Moody's warns Hong Kong banks over increased loans exposure to mainland
Increased exposure to mainland borrowers poses risks to banks, says ratings agency, amid concerns over companies' ability to repay loans
Ratings agency Moody's restated its negative outlook on the city's banking system yesterday in a new report highlighting the risks to lenders over the next 12 to 18 months from rapidly expanding exposure to mainland borrowers.
"Such expansion poses credit challenges as it increases the banks' exposures to China's economic and financial vulnerabilities, and pressures some of the banks' liquidity profiles and capitalisation levels," Moody's experts wrote in a 23-page analysis.
Moody's first issued its health warning on Hong Kong banks in June 2013. Since then the local economy has slowed and mainland loans have swollen while credit conditions have worsened.
Hong Kong's exposure to the mainland grew by 29 per cent in 2013, accounting for 20 per cent of total banking assets, or HK$2.3 trillion, by the end of last year, according to the report.

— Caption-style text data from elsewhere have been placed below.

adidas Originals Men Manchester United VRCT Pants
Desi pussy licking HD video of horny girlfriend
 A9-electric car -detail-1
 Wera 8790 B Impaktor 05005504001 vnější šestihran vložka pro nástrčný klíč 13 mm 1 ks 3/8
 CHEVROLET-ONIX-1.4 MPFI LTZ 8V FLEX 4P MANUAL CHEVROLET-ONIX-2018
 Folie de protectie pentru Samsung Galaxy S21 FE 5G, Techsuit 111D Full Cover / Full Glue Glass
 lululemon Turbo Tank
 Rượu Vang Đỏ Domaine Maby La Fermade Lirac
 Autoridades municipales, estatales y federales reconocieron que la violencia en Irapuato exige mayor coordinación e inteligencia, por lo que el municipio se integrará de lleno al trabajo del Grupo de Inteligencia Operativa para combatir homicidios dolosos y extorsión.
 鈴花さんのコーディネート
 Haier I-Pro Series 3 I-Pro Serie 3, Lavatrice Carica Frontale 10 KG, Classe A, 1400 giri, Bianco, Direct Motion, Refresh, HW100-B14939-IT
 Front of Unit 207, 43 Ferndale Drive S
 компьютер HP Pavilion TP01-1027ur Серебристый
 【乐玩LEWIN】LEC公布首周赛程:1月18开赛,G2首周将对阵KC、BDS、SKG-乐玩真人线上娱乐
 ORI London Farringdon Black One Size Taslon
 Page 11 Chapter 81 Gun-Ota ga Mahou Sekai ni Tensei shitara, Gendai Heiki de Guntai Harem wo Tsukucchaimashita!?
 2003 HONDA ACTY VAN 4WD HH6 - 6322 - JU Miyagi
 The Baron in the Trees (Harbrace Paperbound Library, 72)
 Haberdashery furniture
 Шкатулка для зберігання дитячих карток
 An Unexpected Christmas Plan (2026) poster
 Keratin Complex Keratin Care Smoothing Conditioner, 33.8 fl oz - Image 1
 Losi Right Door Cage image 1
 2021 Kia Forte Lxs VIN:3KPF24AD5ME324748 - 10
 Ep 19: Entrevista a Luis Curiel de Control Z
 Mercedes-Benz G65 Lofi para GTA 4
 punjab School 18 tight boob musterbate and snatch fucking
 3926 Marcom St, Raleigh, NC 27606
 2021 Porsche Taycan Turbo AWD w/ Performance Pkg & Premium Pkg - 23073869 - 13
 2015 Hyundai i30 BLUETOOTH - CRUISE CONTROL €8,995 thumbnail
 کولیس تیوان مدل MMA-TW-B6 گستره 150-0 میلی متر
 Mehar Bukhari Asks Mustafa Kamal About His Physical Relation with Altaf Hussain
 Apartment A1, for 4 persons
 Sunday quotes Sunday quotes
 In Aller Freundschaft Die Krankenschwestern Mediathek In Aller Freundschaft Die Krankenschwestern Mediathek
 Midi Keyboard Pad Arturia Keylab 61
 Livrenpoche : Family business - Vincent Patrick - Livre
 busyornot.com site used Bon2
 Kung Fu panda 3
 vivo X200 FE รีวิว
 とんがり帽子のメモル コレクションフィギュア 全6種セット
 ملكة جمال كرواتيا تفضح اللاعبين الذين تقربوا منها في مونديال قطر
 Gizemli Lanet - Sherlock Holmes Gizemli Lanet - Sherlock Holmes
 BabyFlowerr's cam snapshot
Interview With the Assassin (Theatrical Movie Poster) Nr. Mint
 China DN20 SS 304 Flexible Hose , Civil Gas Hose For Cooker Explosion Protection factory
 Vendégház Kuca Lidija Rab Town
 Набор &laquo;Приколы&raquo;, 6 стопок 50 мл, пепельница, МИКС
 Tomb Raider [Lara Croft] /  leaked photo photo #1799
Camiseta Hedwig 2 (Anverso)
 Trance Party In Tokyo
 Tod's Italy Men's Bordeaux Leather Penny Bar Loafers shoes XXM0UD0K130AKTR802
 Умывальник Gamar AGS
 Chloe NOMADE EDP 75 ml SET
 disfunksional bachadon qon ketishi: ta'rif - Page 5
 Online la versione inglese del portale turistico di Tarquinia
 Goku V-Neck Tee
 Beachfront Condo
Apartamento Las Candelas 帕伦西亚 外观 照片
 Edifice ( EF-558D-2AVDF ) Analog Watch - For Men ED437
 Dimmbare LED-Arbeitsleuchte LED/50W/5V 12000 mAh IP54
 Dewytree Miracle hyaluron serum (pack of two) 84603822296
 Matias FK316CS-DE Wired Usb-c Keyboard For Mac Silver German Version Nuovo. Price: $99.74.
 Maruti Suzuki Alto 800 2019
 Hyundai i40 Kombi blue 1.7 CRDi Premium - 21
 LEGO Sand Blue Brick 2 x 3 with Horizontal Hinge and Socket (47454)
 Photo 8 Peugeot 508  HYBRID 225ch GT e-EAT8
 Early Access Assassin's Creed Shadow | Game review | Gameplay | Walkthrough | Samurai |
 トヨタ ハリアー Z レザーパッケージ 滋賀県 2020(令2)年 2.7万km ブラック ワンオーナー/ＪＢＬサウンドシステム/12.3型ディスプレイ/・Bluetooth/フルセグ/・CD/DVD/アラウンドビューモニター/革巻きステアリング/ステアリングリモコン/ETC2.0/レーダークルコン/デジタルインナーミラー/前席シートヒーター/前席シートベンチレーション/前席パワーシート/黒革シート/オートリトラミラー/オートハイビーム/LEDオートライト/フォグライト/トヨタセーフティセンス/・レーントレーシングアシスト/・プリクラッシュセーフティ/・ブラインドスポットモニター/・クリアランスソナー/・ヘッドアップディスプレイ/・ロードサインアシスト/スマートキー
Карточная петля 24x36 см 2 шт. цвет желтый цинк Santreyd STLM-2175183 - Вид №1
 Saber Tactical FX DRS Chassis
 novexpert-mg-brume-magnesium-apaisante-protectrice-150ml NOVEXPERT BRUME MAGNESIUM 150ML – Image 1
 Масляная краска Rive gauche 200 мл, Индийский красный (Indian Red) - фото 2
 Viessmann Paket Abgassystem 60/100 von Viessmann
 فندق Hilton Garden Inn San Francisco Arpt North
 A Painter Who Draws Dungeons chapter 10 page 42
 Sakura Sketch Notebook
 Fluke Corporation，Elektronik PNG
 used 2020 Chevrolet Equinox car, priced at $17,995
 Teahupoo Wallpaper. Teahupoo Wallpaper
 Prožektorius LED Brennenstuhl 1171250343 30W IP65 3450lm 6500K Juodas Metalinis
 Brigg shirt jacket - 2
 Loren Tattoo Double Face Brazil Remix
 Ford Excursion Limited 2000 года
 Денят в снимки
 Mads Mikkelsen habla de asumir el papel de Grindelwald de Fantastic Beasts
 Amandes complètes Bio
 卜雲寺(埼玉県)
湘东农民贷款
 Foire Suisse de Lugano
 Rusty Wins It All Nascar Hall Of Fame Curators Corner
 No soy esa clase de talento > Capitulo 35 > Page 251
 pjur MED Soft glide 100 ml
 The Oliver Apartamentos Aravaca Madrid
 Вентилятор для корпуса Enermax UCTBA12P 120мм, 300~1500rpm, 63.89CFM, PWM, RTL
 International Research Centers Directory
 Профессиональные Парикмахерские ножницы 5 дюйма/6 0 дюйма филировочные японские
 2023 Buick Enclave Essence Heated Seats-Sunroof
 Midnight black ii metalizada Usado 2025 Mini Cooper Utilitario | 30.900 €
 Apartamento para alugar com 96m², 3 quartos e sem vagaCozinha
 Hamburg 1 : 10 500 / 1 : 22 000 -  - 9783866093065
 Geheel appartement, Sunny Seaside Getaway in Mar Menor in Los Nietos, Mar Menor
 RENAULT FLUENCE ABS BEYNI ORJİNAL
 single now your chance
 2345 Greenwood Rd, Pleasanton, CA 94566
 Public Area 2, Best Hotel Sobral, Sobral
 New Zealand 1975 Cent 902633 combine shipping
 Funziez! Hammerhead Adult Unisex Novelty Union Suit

In a report earlier this month, Fitch Ratings said exposure to the mainland was equivalent to 34 per cent of Hong Kong banks' system-wide assets.
Standard Chartered added to the downbeat banking outlook as it issued a warning to investors that first-half profit would be around 20 per cent below that of the same period last year.
The statement, which came after the Hong Kong stock market closed, sent the bank's London-listed shares tumbling more than 5 per cent to their lowest level since August 2012.
The profit warning also dragged HSBC stock down by around 1 per cent as investors reassessed the risks in the key Asian markets in which both banks earn most of their profits.
The Moody's analysis reflects those concerns, despite signs of stabilisation in Hong Kong property prices and broadly benign credit market conditions.
At the heart of the concern over rapid growth in exposure is mainland firms' ability to repay that debt as the economy there slows and the central government attempts to reform its inefficient state sector.
The key to keeping loan books healthy will be whether a raft of recent efforts to stabilise economic growth on the mainland work, according to Liao Qun, senior vice-president of strategy and planning at Citic Bank.
"If China can maintain above 7 per cent growth this year, then I think the risk is low," Liao told the South China Morning Post. "That means there will be no massive defaults for mainland companies this year." The mainland government has a growth target of 7.5 per cent this year.
The Hong Kong Monetary Authority said the growth in exposure was a "natural consequence" of China's economic development.
"The results of our supervisory works suggest that the risks of mainland-related loans are prudently managed by banks," an authority spokeswoman said.